Artificial intelligence has been the topic of the year in digital discourse. Or, more especially, large language models (LLMs) like ChatGPT that have demonstrated the ability to write language and make images and videos that look credible in a way that previous attempts have not.

These LLMs have thrilled, excited and alarmed. They’ve the potential to be highly disruptive to the ways we humans do things, from marking students’ essays to influencing voters, improving search engines and facilitating innovation. Though they’ve not been helped by a propensity to make things up – inventing non-existent sources, for example, to cite in those essays, a flaw that has been called ‘hallucination’.

It's about more than GPT

This blog’s not about these LLMs but bigger debates they have inspired about the ways that AI will change our lives for good and ill in future.
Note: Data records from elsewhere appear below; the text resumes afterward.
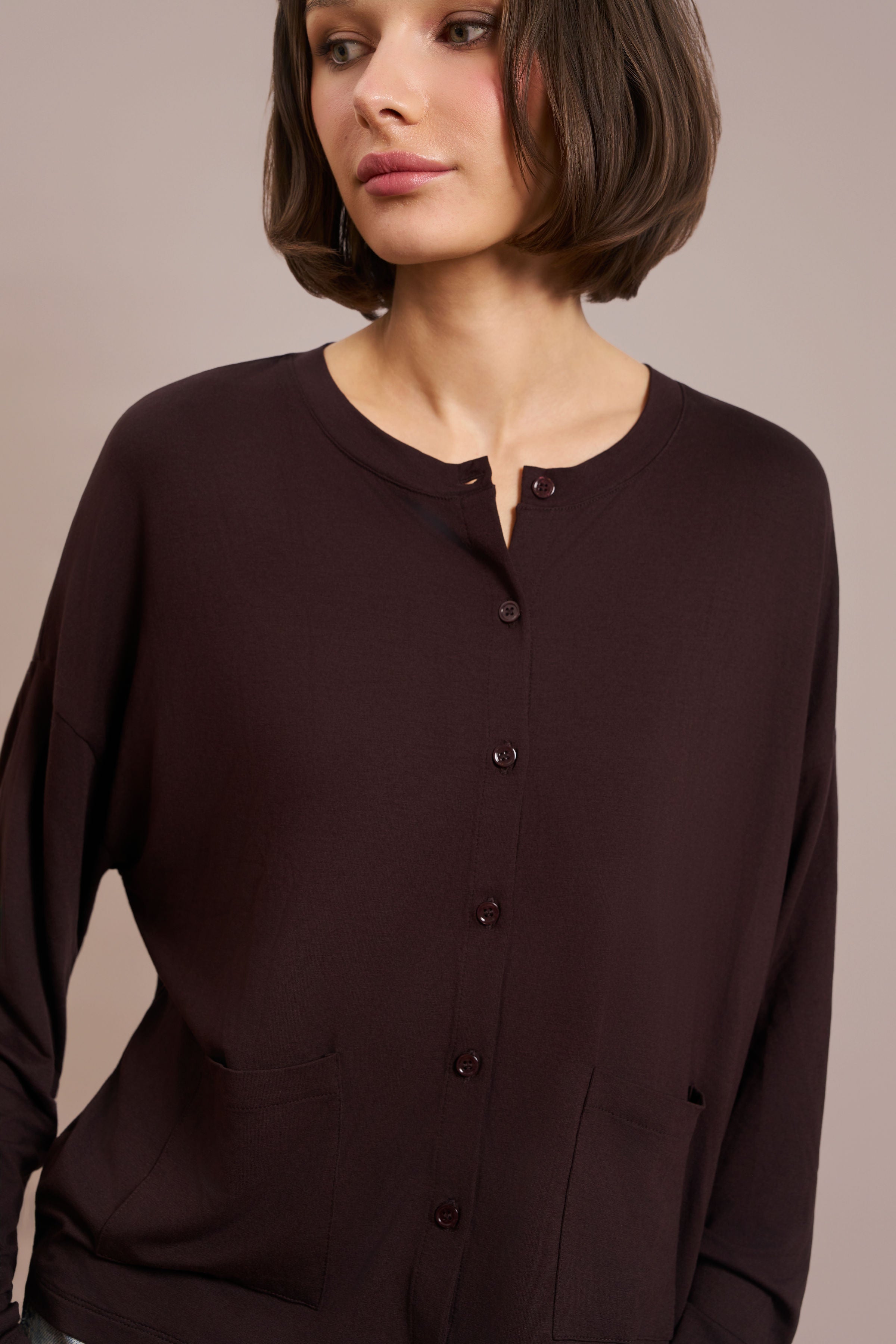 Majestic Soft Touch Long Sleeve Crewneck Cardigan in Aubergine
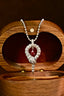 14K GOLD 0.78 CTW VIVID RED NATURAL RUBY & SAPPHIRE & DIAMOND PENDANT( WITHOUT CHAIN )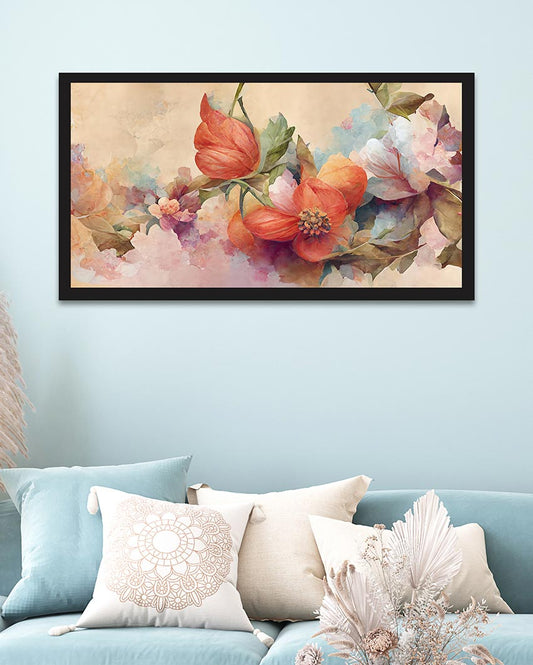 Multicolor 3D Floral Print Canvas Wall Painting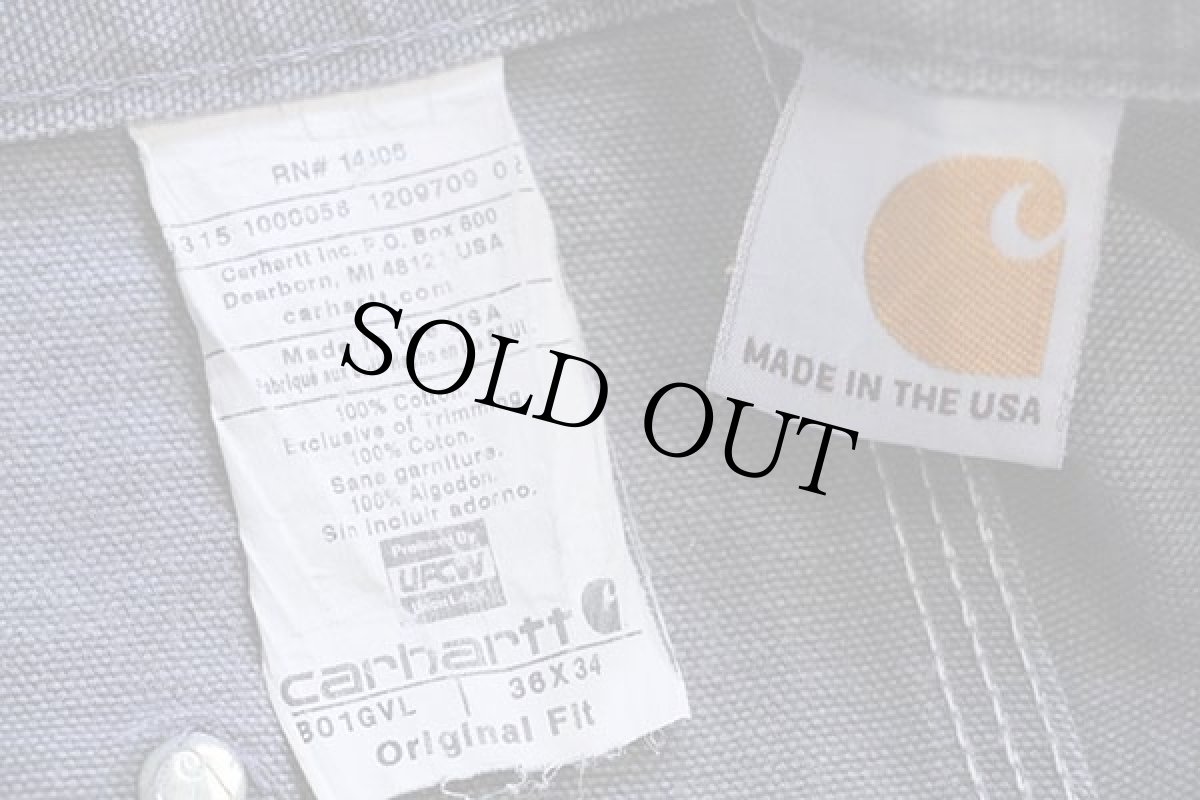 画像6: USA製 carharttカーハート ダック地 ダブルニー ペインターパンツ ペンキ飛び グレー w36 L34 (6)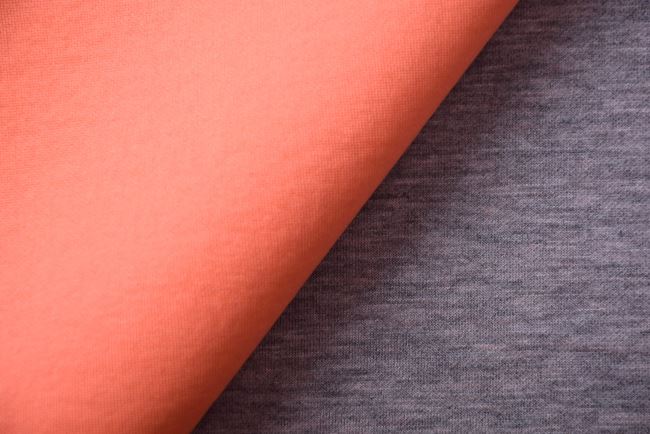 Oboustranná kostýmová látka scuba v oranžové barvě PAR30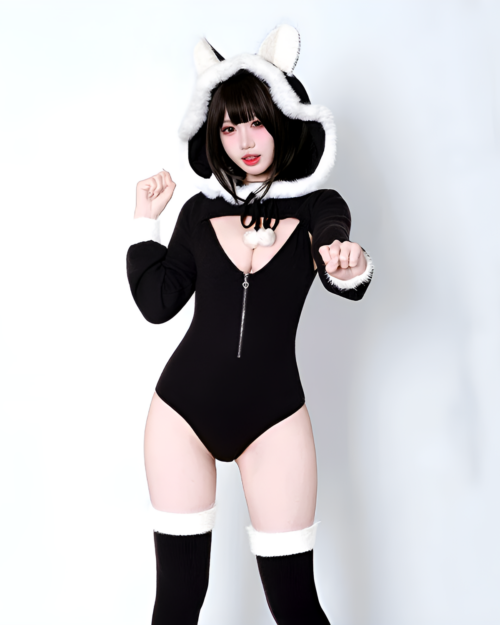 Black Kawaii Kitsune Bodysuit Set with hood, ears, and thigh-high socks, featuring a zipper and a faux fur trim.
These have become more polarised during the year that LLMs have become so fashionable, and more polarised than those around the dawning of the internet (which was generally thought to be for good).

Optimists and pessimists

On the one side stand the optimists – tech bros, big data corporations, some governments and international entities – that focus on the dazzling opportunities they see for fixing long-term problems. On the other stand the pessimists, some fearing that a time will come when AI could displace us in deciding human destinies, even some day decide we’re surplus to requirements.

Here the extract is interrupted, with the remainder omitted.